I Smell a Rat
New York City is being overrun by rats. An estimated 2 million rats live in this city of 8.4 million. Some researchers claim there are more rats than people in NYC, but that’s probably an exaggeration.
Whatever the number, NYC has a rat problem.
Mayor Eric Adams has made rat control a priority of his administration. He plans to appoint a “rat czar.”
And we’re not talking about just any rat. These are Norway rats, and they’re big. Norway rats can measure 20 inches from head to tail and weigh up to 2 pounds.
I learned about Norway rats while in Kenya. DeDe and I lived in a small apartment at a Swahili Language School.
The first sign that something was amiss was when our leather shoes and belt were chewed on. That’s when we met the Rat from Hell. DeDe opened the kitchen cupboard and there he was, staring at her at eye level.
The next day I spied him and thought he was a nutria. Well, he seemed that big.
I went to the local store and pantomimed what I needed. The clerk watched as I clapped my hands up and down, yelling Panya Panya! He laughed and brought out a huge rat trap. Rap ya Panya
It was a big trap for a big rat.
I carefully baited my trap and waited and waited and waited some more. I tried fresh bait and new locations but had no luck.
In the meantime, the Rat from Hell would show up at the most startling times. We trod carefully in our own home. It felt as if we were in some kind of Stephen King novel.
Our gardener came to our rescue. He recommended Sumu ya Panya.
That’s poison of the rat.
We carefully spread Sumu ya Panya throughout the house. The poison went undisturbed, and we continued to be terrorized by our big rat.

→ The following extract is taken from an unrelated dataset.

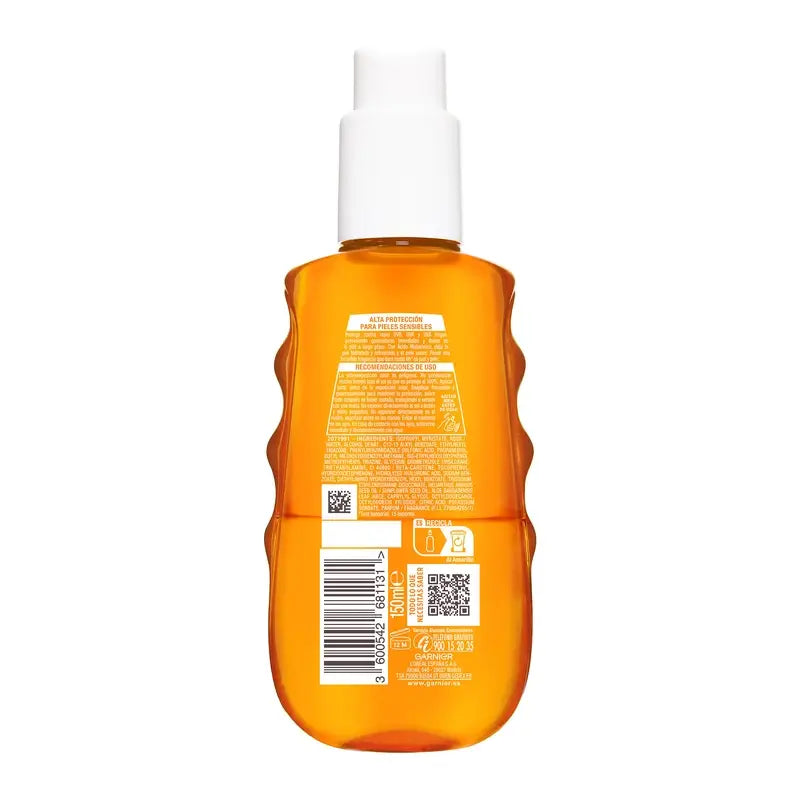 Garnier Delial Delial Sensitive Advanced Feuchtigkeitspflege Sonnenschutz Wasser Spf 30, 150Ml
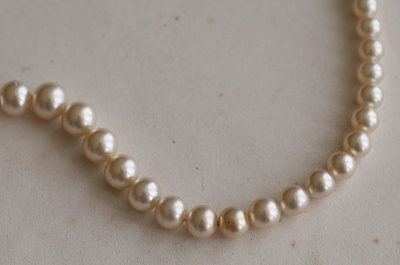 ヴィンテージシェルパールネックレス　Ciro　イギリス　アンティークストリュフ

On Sunday afternoon, I told DeDe, “I’m not going to bed until I kill that rat.”
When he showed his pointed face in the kitchen, I slammed the door and picked up a broom. Through the closed door, I told DeDe, “One of us ain’t coming out of here.”

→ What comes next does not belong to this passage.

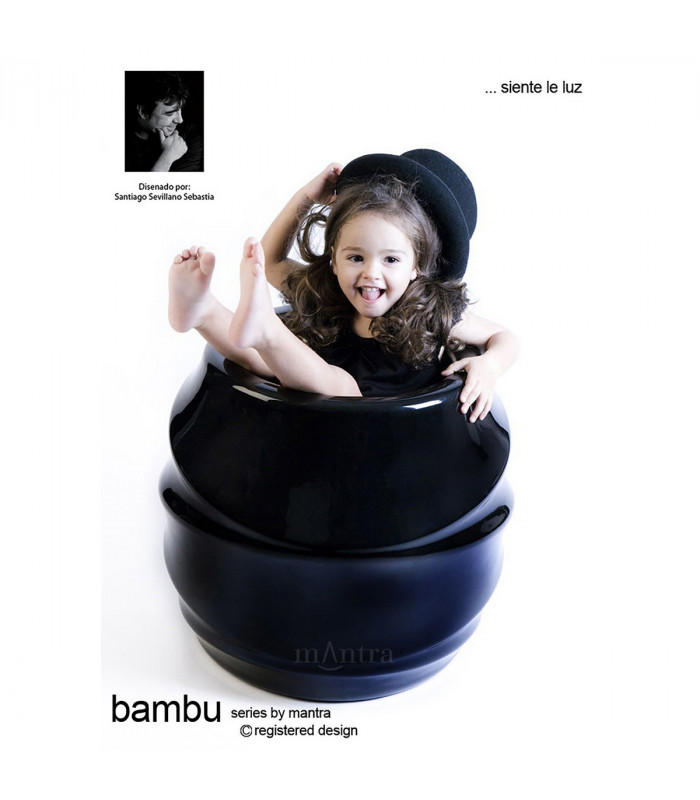 Clearance - Bambu Tall Pot No Light Outdoor Opal White-4
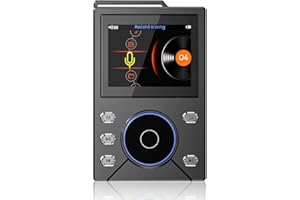 HiFi MP3 Player With Bluetooth5.2, Lossless DSD High Resolution Digital Audio Music Player, Portable Audio Players With 16GB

DeDe likes to mimic the clattering, whacking, and grunting as the Rat from Hell and I battled. I finally got him in a corner and it was quickly over. Somewhere I have a photo of me, broom in hand, holding up that dead rat by the tail. He was a trophy.
Postscript: Mayor Adams in NYC has said that he’ll use each and every tool* to eradicate the rats.

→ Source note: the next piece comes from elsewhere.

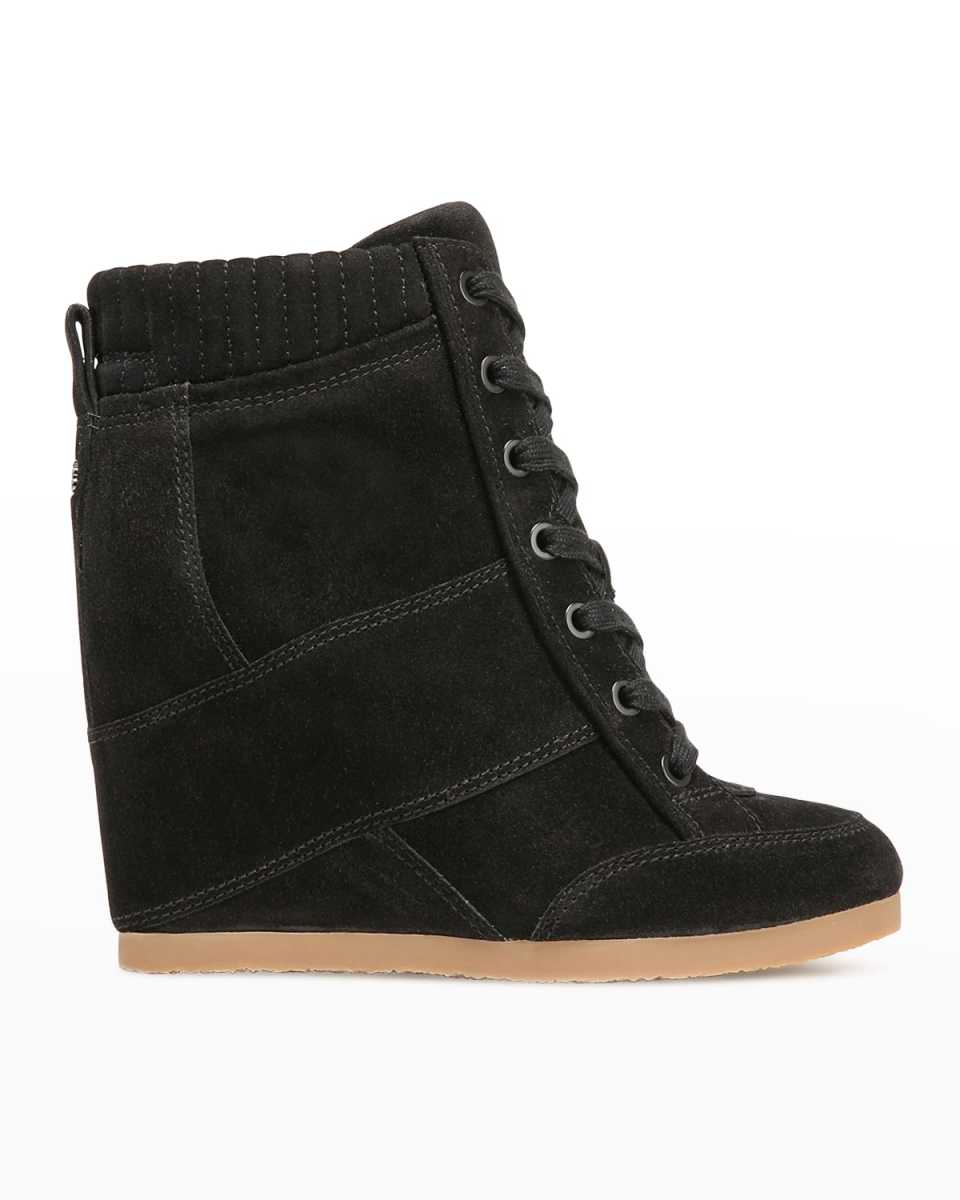 Elissa Suede Wedge Sneakers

A good broom might be a good start.
*I’m not making this up: As NYC talked of killing rats with traps, glue paper, carbon monoxide, and poison, some bleeding-heart liberals complained about “the painful and inhumane methods” of dispatching rats. They appealed to the ASPCA (American Society for the Prevention of Cruelty to Animals). An Association spokesman replied, “We protect pets, not pests.”